Tampa, Florida - A unanimous vote by the Hillsborough School Board approves the appointment of Maryann Parks as Hillsborough's new Exceptional Education Student director.
Parks says it's a job she's prepared her entire life for and one she is not afraid of to get started.
It's a role filled with challenges and Parks seems to know where to begin. She says, "Our goal starting today is to make the connection, that includes all stake-holders, parents, students, staff and community.. so to make sure everyone has a voice."
Parks takes over as the district does a self evaluation and rebuilding of its ESE program after two students died last year.
7-year-old Isabella Herrera suffered respiratory distress and died while on the school bus in January. Her family is suing the district.
In October, Jennifer Caballero, 11, walked off campus and drowned in a nearby pond.
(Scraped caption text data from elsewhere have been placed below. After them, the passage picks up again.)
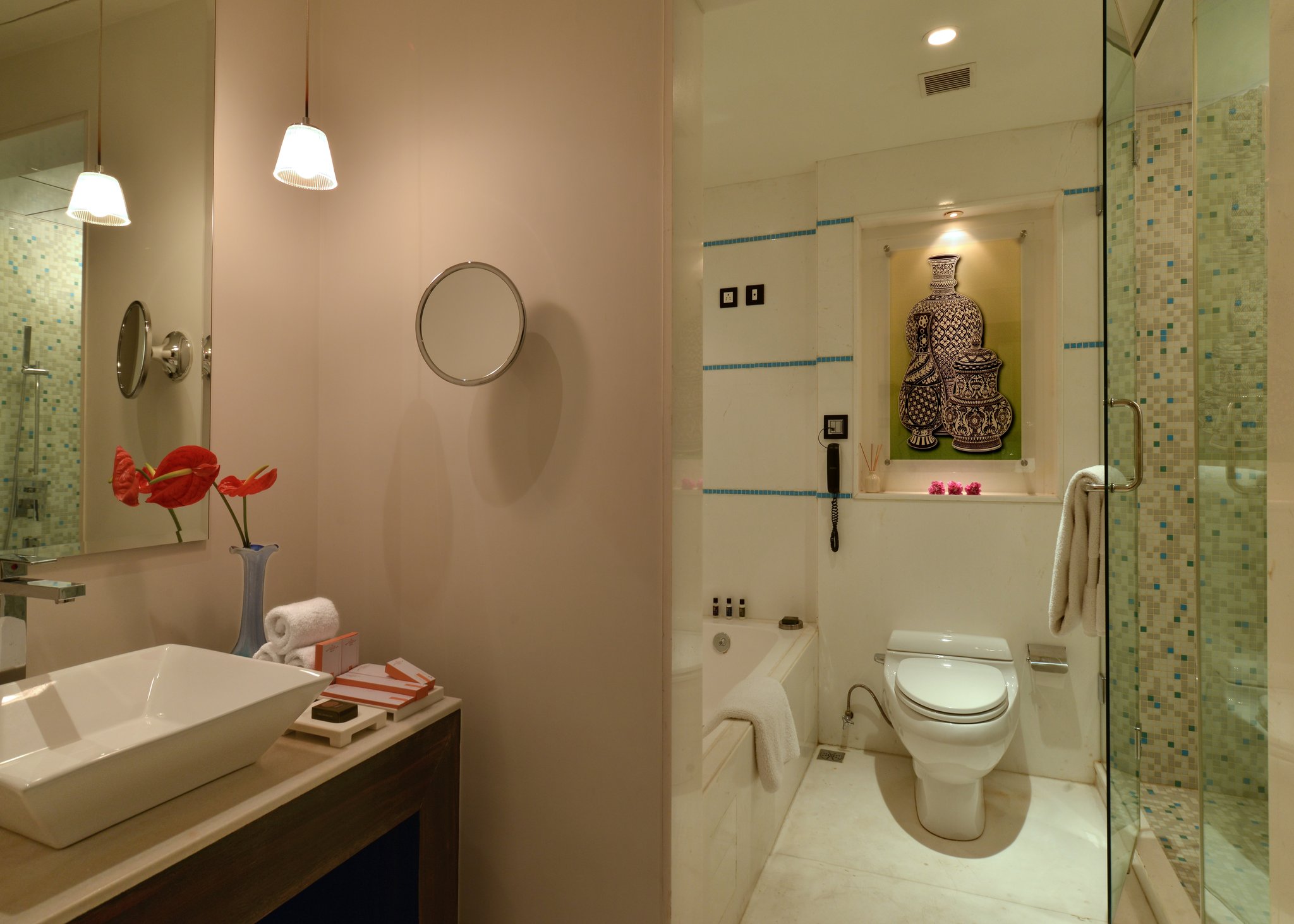 Paigah_Suite_Bathroom_S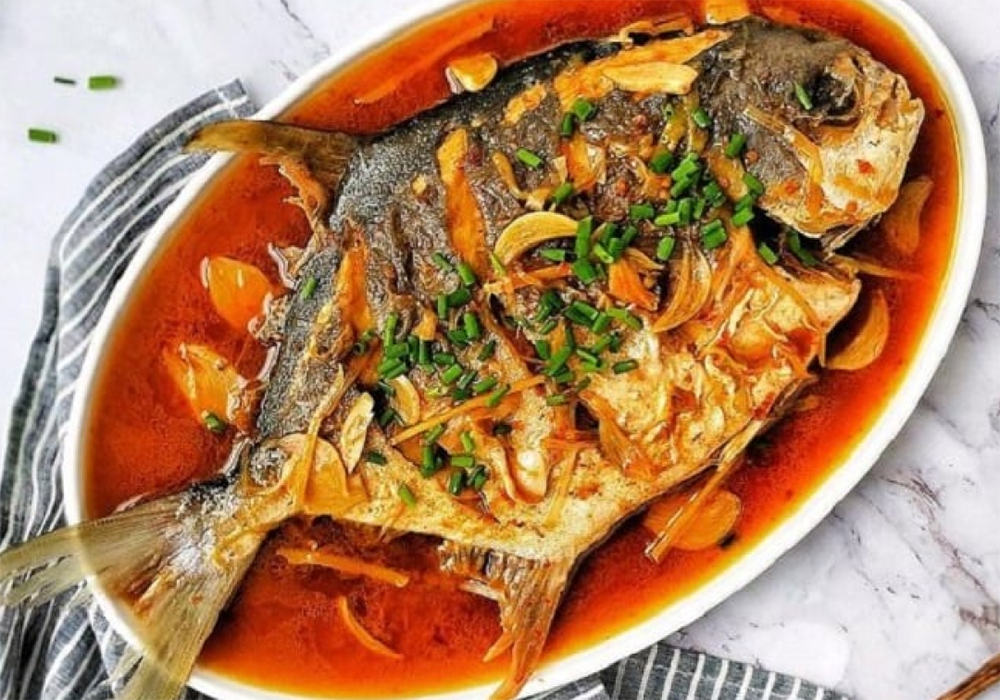 Cá chim chiên sốt cà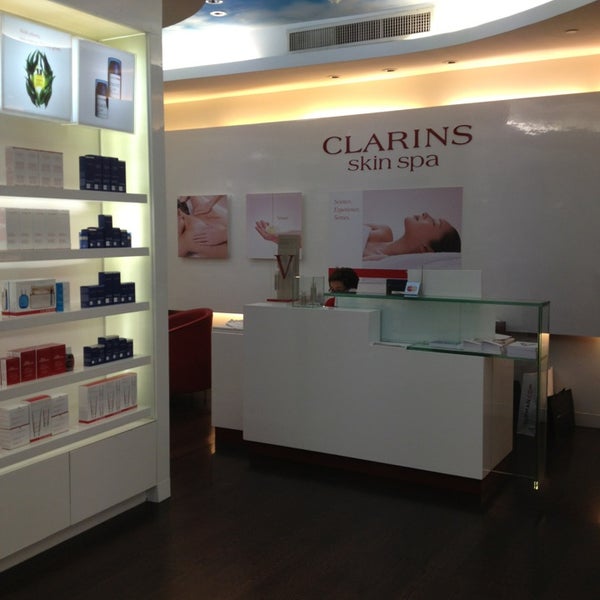 Спа-зона clarins skin spa. Clarins spa. Спа зона шереметьево. Спа центр clarins. Clarins spa.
A week later, a special needs student at Pierce Middle School walked off campus and six miles home. The child made it home safely.
Back in September, video showed a school bus driver kicking an autistic girl off the bus, causing the child to break her ankle. The bus driver is charged with aggravated child abuse.
"I'm concerned a lot of kids are getting hurt," says Claudia Roberts, mother of an autistic teenager. Roberts is also an advocate for special needs children with a Bay area law firm and sits on the Hillsborough School district's advisory committee for ESE kids. She believes the school board made a good choice.
Roberts says, "I like Maryann, she's straightforward. I think she has a get-in-there, roll-up-your-sleeves attitude. She seems she wants to get thing accomplished."
But Roberts says Parks faces many challenges. She says, "I think the culture in Hillsborough is different. I think the culture is more defensive."
Critics say the district should have gone outside for a new director. Parks has been with the school district for 34 years.
Jose Colindres with The Brink Foundation says, "I don't think the district has any credibility to appoint someone who's been in the system for more than 30 years. It's the same old, same old status quo."
Parks says anyone who works with special needs kids knows there is no such thing as "same old, same old." Parks says, "I've never been afraid of change this department is not afraid of change."
Parks supporters and critics do agree on what the new ESE director needs to change. Roberts says, "Be more open, less defensive, listen to parents, getting parents more involved."
Colindres adds, "I think the message is you have to be transparent, honest, be there for kids and listen to parents."
Parks says her goal is to do those things and improve training and recruitment of special needs teachers, but she says everything she does will be with one objective.
"What we need to remember it's all about the kids and student outcome," she says.